The interest a savings account pays you is not a one-off bonus at the end of the year. Most UK banks calculate interest daily and pay it monthly. Once paid, that interest sits in the same pot and earns its own interest the next day. That snowball — interest on interest — is "compounding".

The number that matters is the AER (Annual Equivalent Rate). It's the legally-required, like-for-like figure that lets you compare two accounts even if one compounds monthly and another quarterly. This calculator takes whatever AER you enter and works backwards to the periodic rate, so the answer matches what would actually land in your account.

The "boring middle" is where compounding wins

For the first few years, regular contributions do most of the heavy lifting. Interest looks small. It's tempting to give up. But compounding is exponential, not linear: the same percentage applied to a bigger balance gives you a much bigger amount in pounds. By year ten, the interest each month often outgrows what you're contributing.

What can go wrong with these numbers

Three things mostly: rates change, tax appears, and life happens. Easy-access savings rates move with the Bank of England's base rate, so a 4.5% account today might be 3% next year. Outside an ISA, your interest counts toward the Personal Savings Allowance — basic-rate taxpayers get £1,000/year tax-free, higher-rate £500, additional-rate £0. And the average saver dips in for an unexpected boiler at least once.

Sensible defaults to try


Frequently asked questions

Does this calculator account for tax?

No. It shows the gross figure your provider would pay. If your savings are inside a Cash ISA, the gross figure is also what you keep. Outside an ISA, deduct the tax that applies above your Personal Savings Allowance.

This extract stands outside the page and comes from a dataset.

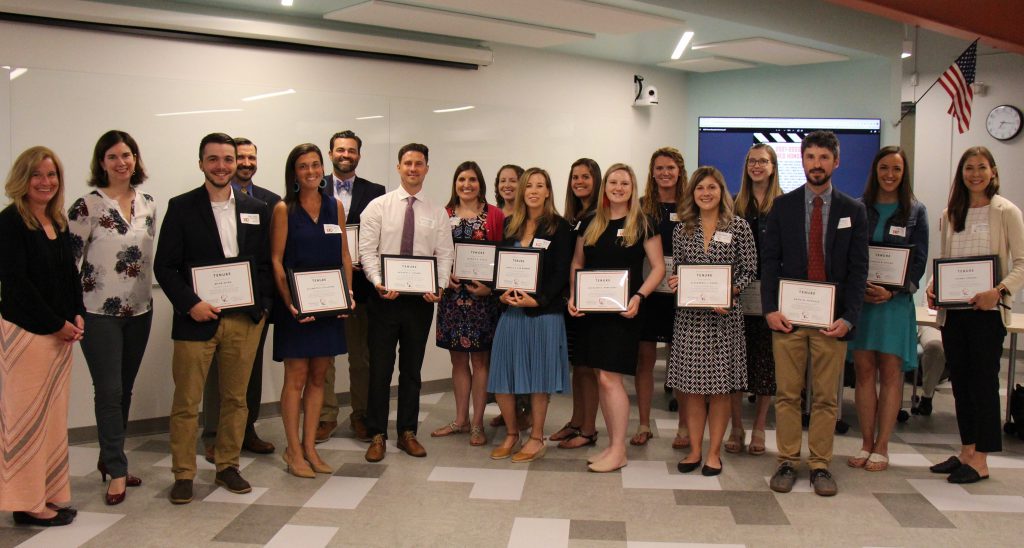 group of adults holding certificates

Why does changing the compounding frequency barely move the answer?

Because we adjust the periodic rate so the AER stays the same. Daily, monthly and yearly compounding will land within pennies of each other for the same AER over short horizons.

Can I model a one-off lump sum?

Yes — set the monthly contribution to £0 and the calculator becomes a pure compound interest calculator on your starting amount.